■ EXERCISE INSTRUCTIONS:
From the records below, transcribe exactly the lines that begin at the line with "Дизельная электростанция GMGen GMC400" and end at the line with "Picture of Wallace", both included.

■ EXERCISE MATERIAL:
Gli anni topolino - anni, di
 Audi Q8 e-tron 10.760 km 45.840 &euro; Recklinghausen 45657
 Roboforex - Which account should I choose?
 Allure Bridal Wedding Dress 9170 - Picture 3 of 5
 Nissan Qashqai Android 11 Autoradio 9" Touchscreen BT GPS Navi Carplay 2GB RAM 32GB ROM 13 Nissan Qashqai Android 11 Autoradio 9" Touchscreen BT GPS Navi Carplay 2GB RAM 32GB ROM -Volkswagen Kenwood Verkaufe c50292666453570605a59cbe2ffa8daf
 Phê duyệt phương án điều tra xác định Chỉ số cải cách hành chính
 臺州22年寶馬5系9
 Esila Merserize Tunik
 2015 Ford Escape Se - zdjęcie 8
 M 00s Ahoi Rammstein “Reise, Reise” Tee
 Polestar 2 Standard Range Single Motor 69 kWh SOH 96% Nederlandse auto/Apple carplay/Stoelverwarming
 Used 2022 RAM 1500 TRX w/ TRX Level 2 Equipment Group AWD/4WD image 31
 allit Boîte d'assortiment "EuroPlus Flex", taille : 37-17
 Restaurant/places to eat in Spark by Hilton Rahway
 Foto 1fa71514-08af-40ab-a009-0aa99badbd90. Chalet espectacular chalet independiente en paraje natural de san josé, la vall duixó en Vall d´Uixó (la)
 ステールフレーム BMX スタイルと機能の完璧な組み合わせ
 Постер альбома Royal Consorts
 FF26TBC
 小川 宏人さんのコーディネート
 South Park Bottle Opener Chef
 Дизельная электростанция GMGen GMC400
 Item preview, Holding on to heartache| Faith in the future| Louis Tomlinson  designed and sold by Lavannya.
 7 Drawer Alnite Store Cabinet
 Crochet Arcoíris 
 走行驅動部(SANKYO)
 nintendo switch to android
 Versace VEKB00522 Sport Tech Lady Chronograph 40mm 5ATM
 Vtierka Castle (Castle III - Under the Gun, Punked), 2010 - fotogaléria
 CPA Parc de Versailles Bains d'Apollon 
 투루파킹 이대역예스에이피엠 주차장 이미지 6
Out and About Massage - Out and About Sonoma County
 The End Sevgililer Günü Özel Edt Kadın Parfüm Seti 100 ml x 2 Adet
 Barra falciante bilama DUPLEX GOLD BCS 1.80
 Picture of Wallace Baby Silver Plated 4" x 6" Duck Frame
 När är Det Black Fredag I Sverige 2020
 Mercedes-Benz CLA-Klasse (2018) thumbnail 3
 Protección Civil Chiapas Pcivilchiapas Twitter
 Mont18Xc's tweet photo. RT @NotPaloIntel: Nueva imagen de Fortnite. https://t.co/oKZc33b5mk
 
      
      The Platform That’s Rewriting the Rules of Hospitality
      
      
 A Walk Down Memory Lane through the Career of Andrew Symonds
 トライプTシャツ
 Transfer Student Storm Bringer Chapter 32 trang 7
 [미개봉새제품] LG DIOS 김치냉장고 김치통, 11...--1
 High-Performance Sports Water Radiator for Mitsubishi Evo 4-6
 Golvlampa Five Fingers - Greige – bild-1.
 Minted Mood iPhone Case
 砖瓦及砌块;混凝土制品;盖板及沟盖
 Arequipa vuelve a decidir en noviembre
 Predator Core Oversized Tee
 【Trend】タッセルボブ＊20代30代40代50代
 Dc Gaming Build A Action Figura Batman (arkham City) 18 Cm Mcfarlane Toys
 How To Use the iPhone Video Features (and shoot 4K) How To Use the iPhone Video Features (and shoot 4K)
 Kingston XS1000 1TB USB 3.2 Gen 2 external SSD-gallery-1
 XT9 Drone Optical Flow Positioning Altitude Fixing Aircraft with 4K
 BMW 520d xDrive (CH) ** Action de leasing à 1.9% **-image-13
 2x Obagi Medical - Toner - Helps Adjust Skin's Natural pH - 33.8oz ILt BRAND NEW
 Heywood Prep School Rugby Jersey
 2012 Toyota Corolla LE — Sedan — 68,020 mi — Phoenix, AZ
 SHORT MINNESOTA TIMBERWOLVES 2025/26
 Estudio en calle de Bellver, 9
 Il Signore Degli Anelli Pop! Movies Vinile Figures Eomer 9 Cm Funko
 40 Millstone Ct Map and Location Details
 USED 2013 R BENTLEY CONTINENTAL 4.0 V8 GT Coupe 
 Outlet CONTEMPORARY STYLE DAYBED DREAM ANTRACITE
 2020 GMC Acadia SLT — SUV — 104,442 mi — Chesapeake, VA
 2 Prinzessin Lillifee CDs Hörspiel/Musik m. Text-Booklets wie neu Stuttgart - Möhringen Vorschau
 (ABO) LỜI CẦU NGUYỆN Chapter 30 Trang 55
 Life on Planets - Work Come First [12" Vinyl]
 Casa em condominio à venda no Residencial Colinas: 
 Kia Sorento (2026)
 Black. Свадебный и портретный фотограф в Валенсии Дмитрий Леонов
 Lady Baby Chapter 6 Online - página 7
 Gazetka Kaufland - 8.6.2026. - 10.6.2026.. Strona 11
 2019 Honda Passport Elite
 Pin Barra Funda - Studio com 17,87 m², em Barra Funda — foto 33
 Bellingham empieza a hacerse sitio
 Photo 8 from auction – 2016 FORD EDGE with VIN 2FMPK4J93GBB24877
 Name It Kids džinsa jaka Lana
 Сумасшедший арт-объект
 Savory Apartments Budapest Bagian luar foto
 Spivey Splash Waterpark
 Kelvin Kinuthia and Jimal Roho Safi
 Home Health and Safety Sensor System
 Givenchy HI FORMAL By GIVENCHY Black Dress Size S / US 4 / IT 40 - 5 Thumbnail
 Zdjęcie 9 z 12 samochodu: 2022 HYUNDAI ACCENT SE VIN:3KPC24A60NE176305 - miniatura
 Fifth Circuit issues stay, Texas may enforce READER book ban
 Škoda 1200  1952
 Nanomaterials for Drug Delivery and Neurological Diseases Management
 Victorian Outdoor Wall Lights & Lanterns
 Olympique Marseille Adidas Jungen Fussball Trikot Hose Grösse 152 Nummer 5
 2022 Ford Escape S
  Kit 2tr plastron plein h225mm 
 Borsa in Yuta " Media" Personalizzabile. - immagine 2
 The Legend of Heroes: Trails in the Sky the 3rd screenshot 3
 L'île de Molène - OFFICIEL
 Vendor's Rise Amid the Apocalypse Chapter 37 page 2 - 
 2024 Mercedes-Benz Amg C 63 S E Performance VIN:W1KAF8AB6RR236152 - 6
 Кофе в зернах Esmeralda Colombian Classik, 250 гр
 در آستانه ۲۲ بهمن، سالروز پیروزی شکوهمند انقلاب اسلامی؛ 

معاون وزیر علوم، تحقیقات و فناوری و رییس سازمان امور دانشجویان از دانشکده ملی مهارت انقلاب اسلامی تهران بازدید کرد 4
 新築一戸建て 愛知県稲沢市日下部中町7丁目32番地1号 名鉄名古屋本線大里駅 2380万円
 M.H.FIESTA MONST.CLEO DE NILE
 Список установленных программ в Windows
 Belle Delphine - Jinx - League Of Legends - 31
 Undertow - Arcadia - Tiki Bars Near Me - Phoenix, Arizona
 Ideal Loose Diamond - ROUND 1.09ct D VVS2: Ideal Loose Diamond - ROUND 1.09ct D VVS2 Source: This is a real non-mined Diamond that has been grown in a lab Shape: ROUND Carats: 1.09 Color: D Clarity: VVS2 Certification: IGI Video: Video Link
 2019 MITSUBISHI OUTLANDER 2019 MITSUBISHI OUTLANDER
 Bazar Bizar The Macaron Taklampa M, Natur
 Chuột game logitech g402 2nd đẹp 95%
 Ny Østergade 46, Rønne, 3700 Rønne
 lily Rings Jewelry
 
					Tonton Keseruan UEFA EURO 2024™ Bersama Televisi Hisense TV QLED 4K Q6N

■ OUTPUT OF THE TASK:
 Дизельная электростанция GMGen GMC400
 Item preview, Holding on to heartache| Faith in the future| Louis Tomlinson  designed and sold by Lavannya.
 7 Drawer Alnite Store Cabinet
 Crochet Arcoíris 
 走行驅動部(SANKYO)
 nintendo switch to android
 Versace VEKB00522 Sport Tech Lady Chronograph 40mm 5ATM
 Vtierka Castle (Castle III - Under the Gun, Punked), 2010 - fotogaléria
 CPA Parc de Versailles Bains d'Apollon 
 투루파킹 이대역예스에이피엠 주차장 이미지 6
Out and About Massage - Out and About Sonoma County
 The End Sevgililer Günü Özel Edt Kadın Parfüm Seti 100 ml x 2 Adet
 Barra falciante bilama DUPLEX GOLD BCS 1.80
 Picture of Wallace Baby Silver Plated 4" x 6" Duck Frame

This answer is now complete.